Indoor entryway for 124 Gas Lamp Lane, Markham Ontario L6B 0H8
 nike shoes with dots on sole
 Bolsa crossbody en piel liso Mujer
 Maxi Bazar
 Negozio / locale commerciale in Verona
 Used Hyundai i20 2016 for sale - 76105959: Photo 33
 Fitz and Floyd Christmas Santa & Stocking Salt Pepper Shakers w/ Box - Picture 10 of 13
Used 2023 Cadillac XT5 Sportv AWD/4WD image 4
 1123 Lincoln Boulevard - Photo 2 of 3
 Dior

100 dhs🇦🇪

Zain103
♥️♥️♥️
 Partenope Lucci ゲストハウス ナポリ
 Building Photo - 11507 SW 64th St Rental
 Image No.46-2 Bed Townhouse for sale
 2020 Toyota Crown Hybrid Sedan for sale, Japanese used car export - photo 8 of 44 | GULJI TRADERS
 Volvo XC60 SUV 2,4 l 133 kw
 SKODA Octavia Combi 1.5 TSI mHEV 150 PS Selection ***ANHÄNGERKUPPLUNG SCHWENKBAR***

### DESCRIPTION OF THE TASK
The lines to return run from the one containing "Partenope Lucci ゲストハウス ナポリ" through the last line of the material above. Please reproduce them exactly.

### SOLUTION FOR THIS PROBLEM
 Partenope Lucci ゲストハウス ナポリ
 Building Photo - 11507 SW 64th St Rental
 Image No.46-2 Bed Townhouse for sale
 2020 Toyota Crown Hybrid Sedan for sale, Japanese used car export - photo 8 of 44 | GULJI TRADERS
 Volvo XC60 SUV 2,4 l 133 kw
 SKODA Octavia Combi 1.5 TSI mHEV 150 PS Selection ***ANHÄNGERKUPPLUNG SCHWENKBAR***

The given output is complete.